AP NEWS

High court turns down SC officer’s appeal in shooting case

June 5, 2019
FILE - In this Nov. 29, 2016 file photo, former North Charleston police officer Michael Slager testifies during his murder trial at the Charleston County court in Charleston, S.C. The U.S. Supreme Court has declined to hear the appeal of Slager, who was sentenced to 20 years in federal prison in the shooting death of an unarmed motorist who was running away from a traffic stop. In a notice issued Monday, June 3, 2019, the high court turned down the case from Slager. (Grace Beahm/Post and Courier via AP, Pool, File)

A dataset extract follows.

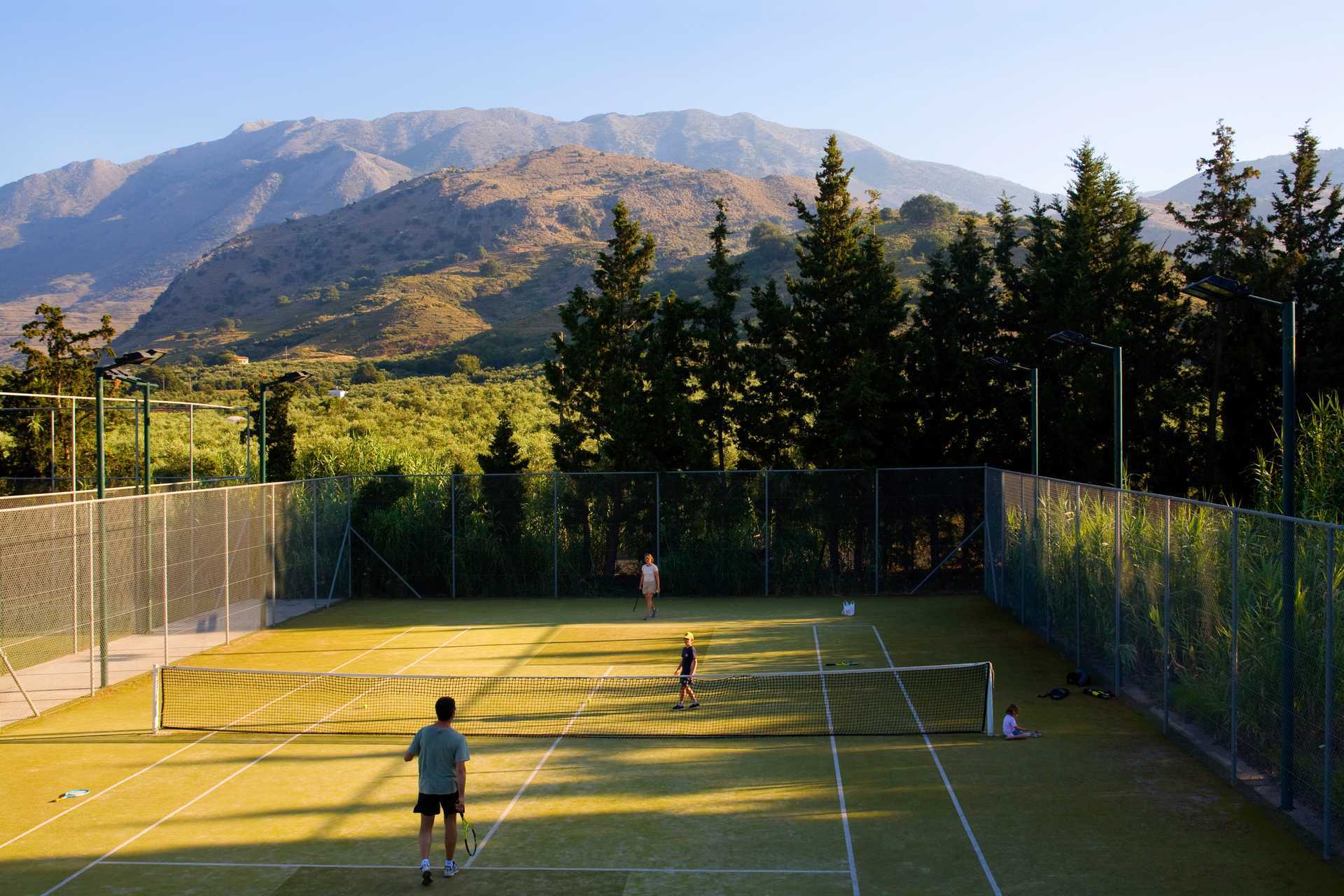 Tennis in het Pilot Beach hotel in Georgioupolis op Kreta, Griekenland.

COLUMBIA, S.C. (AP) — The U.S. Supreme Court has declined to hear the appeal of a former South Carolina policeman sentenced to 20 years in federal prison in the shooting death of an unarmed motorist who was running away from a traffic stop.

In a notice issued Monday, the high court turned down the case from Michael Slager. The former North Charleston police officer was sentenced in 2017 after pleading guilty to a civil rights violation in the shooting death of Walter Scott.

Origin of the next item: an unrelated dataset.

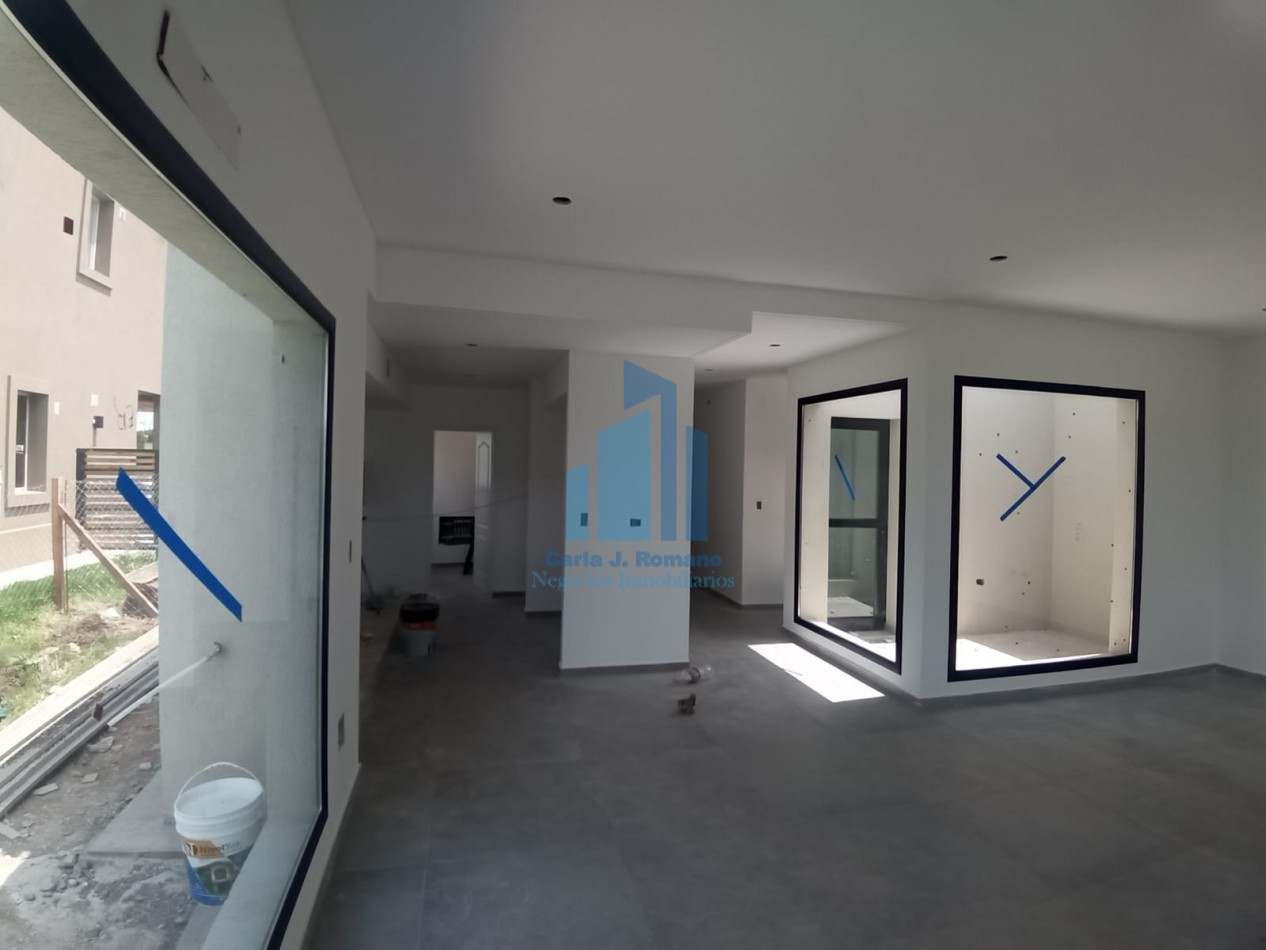 Venta Casa 4 ambientes en Santa Elisa, Pilar del Este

Scott had broken away from the white North Charleston police officer in 2015 and was running away when Slager fired eight bullets from his service weapon, striking the 50-year-old Scott five times in the back. The shooting, captured on a bystander’s cellphone and shared around the world, was seen by many as an example of police officers mistreating African Americans, and the case became a rallying cry for the Black Lives Matter movement.

Slager’s lawyer argued that the officer acted in self-defense and got carried away but never had any “racial animus” toward minorities. Still, Slager pleaded guilty in federal court to violating Scott’s civil rights. As part of a plea agreement, prosecutors agreed to drop state murder charges that still lingered after a first state proceeding ended in a mistrial when a jury couldn’t agree whether he had committed a crime.

Slager’s lawyers appealed his federal conviction and sentence, but the 4th U.S. Circuit Court of Appeals ruled that a trial judge “committed no reversible error” in the case.

Slager’s appellate attorney did not immediately return a message seeking comment Wednesday.